Si hay un español de ambos mundos, ese es el Inca Garcilaso. Hijo de un conquistador extremeño y de una descendiente del último rey natural del Perú, no le dolieron prendas en cantar las bondades del legado incaico, la gesta heroica de la conquista y los beneficios de la evangelización. Su vida y obra, además, ejemplifican el discurso de las armas y las letras pronunciado por Don Quijote.
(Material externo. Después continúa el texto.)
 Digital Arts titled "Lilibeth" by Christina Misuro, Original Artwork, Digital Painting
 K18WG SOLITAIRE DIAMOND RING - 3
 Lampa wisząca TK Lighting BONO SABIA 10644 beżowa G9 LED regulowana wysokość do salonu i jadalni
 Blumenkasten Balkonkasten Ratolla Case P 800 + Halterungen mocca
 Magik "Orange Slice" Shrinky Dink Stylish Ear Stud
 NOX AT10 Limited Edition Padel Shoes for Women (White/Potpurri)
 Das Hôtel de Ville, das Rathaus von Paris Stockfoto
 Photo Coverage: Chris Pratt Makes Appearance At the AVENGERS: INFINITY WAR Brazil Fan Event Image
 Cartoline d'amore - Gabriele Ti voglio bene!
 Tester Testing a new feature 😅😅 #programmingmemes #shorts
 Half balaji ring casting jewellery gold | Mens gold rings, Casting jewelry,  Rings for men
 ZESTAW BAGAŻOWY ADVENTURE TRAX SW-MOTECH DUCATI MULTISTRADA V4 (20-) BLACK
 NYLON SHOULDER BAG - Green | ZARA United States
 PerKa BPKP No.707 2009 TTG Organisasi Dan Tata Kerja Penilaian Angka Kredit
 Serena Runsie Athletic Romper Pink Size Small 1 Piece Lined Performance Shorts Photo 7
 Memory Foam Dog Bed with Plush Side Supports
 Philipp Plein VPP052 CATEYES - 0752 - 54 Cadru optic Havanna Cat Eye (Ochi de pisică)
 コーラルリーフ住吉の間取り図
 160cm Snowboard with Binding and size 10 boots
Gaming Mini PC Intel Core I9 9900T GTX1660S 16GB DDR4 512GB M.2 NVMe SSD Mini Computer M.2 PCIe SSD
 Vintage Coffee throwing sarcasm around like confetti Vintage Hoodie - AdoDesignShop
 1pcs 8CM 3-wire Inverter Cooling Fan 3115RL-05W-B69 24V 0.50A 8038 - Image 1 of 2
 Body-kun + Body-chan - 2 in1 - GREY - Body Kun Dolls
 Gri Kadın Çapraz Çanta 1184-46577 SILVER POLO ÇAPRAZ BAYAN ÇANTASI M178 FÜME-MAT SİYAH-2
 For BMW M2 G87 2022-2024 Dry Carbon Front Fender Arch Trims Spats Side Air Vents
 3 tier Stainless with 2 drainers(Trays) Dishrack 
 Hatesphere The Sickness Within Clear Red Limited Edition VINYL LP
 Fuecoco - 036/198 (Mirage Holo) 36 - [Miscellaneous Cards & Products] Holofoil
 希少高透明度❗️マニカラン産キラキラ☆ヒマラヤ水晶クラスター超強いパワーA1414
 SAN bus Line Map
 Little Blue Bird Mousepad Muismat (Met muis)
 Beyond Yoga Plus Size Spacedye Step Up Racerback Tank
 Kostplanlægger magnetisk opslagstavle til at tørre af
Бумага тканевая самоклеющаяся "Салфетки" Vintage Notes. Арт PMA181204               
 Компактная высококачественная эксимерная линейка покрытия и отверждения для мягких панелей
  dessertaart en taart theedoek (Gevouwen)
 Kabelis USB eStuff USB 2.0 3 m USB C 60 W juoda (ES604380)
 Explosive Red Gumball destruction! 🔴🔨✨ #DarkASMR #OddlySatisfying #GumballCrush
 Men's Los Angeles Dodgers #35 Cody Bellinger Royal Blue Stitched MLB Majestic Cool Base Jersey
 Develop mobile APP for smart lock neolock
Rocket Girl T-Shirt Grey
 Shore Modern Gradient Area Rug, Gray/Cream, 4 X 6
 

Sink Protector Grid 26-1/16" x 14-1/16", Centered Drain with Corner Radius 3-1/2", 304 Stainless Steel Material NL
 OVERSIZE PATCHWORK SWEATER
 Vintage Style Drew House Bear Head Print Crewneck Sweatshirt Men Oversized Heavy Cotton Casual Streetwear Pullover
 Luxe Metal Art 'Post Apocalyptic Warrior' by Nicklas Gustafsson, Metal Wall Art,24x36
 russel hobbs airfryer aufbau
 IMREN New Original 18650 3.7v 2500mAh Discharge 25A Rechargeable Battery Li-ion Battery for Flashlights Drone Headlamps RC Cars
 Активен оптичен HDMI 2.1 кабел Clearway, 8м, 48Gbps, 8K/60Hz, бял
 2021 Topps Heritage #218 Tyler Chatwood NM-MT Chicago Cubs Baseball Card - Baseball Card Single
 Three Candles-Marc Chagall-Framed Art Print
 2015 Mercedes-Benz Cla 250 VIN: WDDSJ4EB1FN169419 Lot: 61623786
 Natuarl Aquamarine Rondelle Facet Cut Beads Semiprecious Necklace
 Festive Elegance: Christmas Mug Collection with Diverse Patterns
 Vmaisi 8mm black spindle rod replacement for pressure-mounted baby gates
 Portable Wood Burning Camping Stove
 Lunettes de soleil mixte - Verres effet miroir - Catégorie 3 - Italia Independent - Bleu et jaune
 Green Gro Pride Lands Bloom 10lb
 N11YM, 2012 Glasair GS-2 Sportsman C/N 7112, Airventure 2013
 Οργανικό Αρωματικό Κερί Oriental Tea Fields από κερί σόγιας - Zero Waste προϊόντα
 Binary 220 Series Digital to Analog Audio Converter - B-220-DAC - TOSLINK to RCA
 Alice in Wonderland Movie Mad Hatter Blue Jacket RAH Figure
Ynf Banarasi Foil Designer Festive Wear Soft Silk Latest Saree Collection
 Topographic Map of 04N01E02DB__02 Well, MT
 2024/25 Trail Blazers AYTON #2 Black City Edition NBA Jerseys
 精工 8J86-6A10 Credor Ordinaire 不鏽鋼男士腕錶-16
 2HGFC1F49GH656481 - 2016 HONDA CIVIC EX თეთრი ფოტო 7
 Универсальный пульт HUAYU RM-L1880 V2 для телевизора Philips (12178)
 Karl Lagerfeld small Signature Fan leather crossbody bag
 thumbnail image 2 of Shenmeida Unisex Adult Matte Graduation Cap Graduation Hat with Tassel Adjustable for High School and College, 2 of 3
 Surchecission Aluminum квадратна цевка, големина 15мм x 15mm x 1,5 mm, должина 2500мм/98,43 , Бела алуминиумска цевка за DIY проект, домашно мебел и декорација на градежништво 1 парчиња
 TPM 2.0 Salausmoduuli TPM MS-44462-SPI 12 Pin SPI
Nacido en Cuzco, en 1539, con 21 años viajó a España. En un principio, siguió la carrera militar, tomando parte en la guerra de las Alpujarras contra el moro. Llegó a capitán, como su padre, al que veneraba; tanto, que buena parte de su nueva vida aquí la dedicó reivindicar su memoria, caída en desgracia por su amistad con los Pizarro en un momento de enfrentamiento de estos con la Corona.

Que el Inca Garcilaso no estaba hecho para el cabildeo lo demuestra que todos sus esfuerzos en este sentido fueron en vano. Pero ya rehabilitaría el buen nombre de su padre por la vía de pasar él a la posteridad, no con la espada, sino con la pluma.

El suyo es uno de esos raros supuestos de vocación literaria tardía. Decimos literaria y decimos bien, por más que su especialidad fuera la historia. ¿Pero quién dijo que esta no puede ser contada de forma amena, con profusión de detalles, describiendo la psique de sus protagonistas y el ambiente en el que se desenvolvieron?

Es el caso de La Florida del Inca, la crónica de las hazañas de Hernando de Soto y sus hombres en el sur de lo que hoy son los Estados Unidos. Que para que las gestas perduren, aparte de alguien que las protagonice, tiene que haber quien las cante, como el Inca Garcilaso.

Murió en 1616, en la ciudad de Córdoba, en una de las capillas de cuya catedral descansa.